Research on the interfacial microstructure and mechanical properties of glass/Mg joint prepared by anodic bonding and vacuum diffusion bonding

Abstract

The joining of glass and Mg by a combination of anodic bonding and vacuum diffusion bonding with Al as the interlayer was achieved in one step. The microstructures of glass/Mg dissimilar joints were analyzed using optical microscopy, SEM, and EDS. The results show that the bonding interface was joined well without any voids and cracks. Na+ and Ca2+ depletion regions would be produced in the glass near the Al foil, where the width of the Na+ depletion region was larger than that of the Ca2+ depletion region. In addition, the content of Al element in the depletion regions increased, and the diffusion of Al into the depletion regions was responsible for the successful glass/Al bonding process.

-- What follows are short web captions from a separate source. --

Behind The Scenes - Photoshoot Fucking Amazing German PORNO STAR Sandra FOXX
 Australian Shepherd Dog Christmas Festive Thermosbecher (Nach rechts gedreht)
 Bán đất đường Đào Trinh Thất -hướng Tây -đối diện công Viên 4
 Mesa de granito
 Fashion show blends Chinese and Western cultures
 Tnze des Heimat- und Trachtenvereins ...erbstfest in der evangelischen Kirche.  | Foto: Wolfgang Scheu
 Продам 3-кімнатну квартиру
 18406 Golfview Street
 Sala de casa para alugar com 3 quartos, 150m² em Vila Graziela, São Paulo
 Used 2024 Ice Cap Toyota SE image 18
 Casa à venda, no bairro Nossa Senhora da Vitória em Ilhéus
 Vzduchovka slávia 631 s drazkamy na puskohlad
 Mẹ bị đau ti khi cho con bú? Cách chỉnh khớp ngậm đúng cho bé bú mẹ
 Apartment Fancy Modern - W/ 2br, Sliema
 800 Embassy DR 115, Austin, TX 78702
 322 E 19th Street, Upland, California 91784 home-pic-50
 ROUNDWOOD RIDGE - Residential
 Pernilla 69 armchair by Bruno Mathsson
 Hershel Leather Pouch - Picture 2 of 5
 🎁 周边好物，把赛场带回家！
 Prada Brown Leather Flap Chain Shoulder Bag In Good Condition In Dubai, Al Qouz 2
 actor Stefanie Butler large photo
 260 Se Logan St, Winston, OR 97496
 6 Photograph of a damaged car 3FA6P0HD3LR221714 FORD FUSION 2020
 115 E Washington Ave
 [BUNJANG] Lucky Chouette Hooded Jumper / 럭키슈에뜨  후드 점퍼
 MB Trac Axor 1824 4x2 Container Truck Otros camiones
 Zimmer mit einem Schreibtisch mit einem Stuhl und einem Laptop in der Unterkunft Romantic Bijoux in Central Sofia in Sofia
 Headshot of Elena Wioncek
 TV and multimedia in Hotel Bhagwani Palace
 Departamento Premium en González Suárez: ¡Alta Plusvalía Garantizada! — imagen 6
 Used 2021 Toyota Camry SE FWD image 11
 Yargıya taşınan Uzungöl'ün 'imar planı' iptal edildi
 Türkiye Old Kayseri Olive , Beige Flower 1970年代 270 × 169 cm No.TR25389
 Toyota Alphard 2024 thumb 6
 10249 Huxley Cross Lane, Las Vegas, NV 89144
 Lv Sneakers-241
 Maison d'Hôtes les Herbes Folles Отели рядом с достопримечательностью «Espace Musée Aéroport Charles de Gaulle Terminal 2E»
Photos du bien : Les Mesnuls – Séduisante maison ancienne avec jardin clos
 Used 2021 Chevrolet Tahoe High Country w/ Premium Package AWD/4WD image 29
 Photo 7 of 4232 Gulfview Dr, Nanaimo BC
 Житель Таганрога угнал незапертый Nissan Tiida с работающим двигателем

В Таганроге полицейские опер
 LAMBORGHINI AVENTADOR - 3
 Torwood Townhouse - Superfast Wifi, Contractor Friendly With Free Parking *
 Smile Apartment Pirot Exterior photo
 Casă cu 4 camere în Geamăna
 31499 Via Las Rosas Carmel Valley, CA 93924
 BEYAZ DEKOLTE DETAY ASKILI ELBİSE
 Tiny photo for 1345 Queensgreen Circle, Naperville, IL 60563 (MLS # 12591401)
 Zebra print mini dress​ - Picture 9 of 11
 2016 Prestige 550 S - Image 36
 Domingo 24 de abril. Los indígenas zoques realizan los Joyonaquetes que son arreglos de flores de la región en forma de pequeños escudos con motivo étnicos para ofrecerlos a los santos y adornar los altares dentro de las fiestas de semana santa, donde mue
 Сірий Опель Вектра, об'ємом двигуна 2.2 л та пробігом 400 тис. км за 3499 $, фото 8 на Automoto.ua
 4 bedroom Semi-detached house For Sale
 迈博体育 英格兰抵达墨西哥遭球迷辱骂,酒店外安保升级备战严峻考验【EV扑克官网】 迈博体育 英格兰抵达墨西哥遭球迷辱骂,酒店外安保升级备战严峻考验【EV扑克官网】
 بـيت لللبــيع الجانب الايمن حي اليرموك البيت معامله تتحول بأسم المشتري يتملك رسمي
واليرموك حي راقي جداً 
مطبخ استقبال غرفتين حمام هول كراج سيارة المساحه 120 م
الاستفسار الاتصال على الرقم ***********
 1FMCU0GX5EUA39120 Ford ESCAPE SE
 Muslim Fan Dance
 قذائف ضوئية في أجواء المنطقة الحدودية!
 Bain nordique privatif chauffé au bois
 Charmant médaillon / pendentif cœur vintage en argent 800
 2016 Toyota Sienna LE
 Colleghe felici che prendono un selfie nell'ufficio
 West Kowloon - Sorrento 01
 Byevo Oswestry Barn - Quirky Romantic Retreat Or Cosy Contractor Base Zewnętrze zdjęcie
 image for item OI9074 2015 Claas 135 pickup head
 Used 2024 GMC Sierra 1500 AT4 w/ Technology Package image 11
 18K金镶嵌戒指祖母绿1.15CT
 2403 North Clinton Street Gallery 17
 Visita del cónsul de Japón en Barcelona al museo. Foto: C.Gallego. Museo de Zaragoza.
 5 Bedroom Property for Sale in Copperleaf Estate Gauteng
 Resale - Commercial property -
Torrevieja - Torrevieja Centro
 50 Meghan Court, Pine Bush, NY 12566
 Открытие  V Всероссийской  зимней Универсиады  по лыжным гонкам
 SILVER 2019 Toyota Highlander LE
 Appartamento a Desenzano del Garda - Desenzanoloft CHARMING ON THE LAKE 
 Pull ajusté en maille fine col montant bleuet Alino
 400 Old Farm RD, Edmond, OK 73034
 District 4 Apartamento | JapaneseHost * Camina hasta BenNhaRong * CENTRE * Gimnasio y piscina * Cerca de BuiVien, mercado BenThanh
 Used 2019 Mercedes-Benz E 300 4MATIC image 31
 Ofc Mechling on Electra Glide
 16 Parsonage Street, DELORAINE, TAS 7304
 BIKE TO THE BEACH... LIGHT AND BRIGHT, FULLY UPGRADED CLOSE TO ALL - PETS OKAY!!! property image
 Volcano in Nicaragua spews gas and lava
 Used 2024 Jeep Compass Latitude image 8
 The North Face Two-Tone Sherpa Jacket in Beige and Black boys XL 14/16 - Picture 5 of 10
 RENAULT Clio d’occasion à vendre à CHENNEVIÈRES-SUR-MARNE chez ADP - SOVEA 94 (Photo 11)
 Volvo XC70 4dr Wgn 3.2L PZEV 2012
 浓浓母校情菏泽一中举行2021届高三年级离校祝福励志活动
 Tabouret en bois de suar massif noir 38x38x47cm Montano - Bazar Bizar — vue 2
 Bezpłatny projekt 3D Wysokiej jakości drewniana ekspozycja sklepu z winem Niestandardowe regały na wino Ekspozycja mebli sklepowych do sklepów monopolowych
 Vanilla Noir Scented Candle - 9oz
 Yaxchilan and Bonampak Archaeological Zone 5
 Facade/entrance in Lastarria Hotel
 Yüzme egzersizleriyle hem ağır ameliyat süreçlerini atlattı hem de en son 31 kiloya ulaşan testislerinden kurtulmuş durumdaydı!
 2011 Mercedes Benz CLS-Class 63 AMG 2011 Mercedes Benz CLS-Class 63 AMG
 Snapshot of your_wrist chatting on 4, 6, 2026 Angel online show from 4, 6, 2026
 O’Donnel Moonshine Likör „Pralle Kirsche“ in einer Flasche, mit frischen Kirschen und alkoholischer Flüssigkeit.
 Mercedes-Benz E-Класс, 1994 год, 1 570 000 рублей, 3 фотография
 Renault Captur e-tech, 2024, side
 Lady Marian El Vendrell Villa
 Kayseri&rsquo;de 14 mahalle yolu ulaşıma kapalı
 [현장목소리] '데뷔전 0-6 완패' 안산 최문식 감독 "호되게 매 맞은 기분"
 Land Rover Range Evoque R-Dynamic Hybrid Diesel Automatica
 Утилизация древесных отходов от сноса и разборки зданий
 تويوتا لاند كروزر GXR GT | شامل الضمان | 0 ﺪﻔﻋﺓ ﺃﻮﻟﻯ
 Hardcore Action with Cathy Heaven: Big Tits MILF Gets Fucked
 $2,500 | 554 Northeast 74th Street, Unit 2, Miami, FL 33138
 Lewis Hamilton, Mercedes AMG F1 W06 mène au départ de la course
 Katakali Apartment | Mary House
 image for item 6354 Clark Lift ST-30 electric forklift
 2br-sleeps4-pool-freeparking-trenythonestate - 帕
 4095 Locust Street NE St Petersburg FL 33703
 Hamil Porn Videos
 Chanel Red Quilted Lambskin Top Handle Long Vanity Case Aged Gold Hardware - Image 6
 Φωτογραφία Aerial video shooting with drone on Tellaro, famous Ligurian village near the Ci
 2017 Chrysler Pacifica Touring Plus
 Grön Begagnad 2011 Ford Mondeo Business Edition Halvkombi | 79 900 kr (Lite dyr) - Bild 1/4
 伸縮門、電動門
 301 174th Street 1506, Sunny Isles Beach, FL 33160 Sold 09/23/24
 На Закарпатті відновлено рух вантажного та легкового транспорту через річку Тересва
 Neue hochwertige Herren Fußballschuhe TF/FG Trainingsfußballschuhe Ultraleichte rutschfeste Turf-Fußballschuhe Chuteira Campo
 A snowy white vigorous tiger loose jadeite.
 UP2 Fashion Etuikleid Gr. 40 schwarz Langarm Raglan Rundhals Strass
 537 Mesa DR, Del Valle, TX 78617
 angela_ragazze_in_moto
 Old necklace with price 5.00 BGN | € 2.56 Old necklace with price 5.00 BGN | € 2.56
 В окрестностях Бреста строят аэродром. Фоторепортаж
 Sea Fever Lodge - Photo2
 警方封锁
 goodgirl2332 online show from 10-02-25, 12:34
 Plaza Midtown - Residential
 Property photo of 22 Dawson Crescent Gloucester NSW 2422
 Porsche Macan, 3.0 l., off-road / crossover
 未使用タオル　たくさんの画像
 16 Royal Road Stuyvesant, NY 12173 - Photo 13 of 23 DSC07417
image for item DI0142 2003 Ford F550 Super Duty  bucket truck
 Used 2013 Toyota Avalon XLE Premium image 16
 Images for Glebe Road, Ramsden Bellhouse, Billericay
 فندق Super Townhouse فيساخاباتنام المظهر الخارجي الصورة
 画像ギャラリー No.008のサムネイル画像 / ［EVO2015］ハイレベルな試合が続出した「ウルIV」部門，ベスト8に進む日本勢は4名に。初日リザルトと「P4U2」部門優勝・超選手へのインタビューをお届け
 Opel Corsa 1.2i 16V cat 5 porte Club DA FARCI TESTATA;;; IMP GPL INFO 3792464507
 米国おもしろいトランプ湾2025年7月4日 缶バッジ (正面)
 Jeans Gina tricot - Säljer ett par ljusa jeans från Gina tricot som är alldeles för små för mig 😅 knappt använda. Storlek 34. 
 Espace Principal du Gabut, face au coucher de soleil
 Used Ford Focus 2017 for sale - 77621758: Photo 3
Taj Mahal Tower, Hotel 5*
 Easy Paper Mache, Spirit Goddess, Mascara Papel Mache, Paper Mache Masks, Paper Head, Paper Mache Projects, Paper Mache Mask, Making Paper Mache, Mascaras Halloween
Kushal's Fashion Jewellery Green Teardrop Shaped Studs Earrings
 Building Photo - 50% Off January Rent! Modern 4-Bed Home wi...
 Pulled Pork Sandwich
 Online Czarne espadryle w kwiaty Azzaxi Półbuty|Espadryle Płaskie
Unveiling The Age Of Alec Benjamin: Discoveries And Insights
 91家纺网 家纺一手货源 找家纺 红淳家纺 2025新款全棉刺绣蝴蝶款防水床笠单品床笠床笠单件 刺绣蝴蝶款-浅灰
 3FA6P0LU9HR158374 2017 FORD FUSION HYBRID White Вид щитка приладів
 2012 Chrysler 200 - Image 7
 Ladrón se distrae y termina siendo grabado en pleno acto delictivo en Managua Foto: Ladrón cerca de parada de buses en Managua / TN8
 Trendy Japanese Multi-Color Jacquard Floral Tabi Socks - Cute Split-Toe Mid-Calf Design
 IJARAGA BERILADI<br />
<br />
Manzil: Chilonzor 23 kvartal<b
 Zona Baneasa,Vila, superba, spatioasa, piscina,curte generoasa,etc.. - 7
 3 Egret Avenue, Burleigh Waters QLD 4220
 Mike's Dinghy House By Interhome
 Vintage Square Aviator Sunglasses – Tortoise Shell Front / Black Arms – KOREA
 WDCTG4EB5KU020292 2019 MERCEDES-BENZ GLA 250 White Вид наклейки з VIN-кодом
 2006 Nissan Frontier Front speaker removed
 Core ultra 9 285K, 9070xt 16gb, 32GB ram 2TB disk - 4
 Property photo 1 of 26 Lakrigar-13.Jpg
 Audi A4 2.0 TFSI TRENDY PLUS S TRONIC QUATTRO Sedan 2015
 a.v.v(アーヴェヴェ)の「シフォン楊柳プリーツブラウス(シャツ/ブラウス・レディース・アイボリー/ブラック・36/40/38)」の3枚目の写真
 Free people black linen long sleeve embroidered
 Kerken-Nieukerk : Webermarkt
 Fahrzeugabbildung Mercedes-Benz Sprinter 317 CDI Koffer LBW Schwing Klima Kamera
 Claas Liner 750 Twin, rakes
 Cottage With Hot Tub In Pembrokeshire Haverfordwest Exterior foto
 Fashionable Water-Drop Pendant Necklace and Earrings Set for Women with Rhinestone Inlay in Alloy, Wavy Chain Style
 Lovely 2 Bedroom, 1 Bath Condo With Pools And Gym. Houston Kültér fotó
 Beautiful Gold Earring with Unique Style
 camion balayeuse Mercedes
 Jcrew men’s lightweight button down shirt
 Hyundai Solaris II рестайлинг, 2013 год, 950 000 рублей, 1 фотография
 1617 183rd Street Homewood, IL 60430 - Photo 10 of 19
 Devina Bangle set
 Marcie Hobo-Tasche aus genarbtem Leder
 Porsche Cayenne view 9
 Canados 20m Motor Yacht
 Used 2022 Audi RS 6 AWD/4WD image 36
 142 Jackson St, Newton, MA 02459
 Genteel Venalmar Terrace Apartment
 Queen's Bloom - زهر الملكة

Al3Mg2 and Al12Mg17 intermetallic compound (IMC) layers were formed between the Al and Mg. The anodic bonding process and the vacuum diffusion bonding process were independent of each other: and the thickness of the IMC layer increased with the increase of the diffusion bonding time, while the width of the Na+, Ca2+ depletion region remained constant; Meanwhile, the variation of the anodic bonding parameters only affected the width of the depletion layer and had no effect on the thickness of the Al3Mg2 and the Al12Mg17 IMC layer. The fracture position of the sample changed from the Al/Mg bonding interface to the glass/Al bonding interface as the thickness of the IMC layer increased. The maximum tensile strength of 14.6 MPa was obtained by vacuum diffusion bonding at 450 °C for 20 min and anodic bonding under 400 °C and 800 V.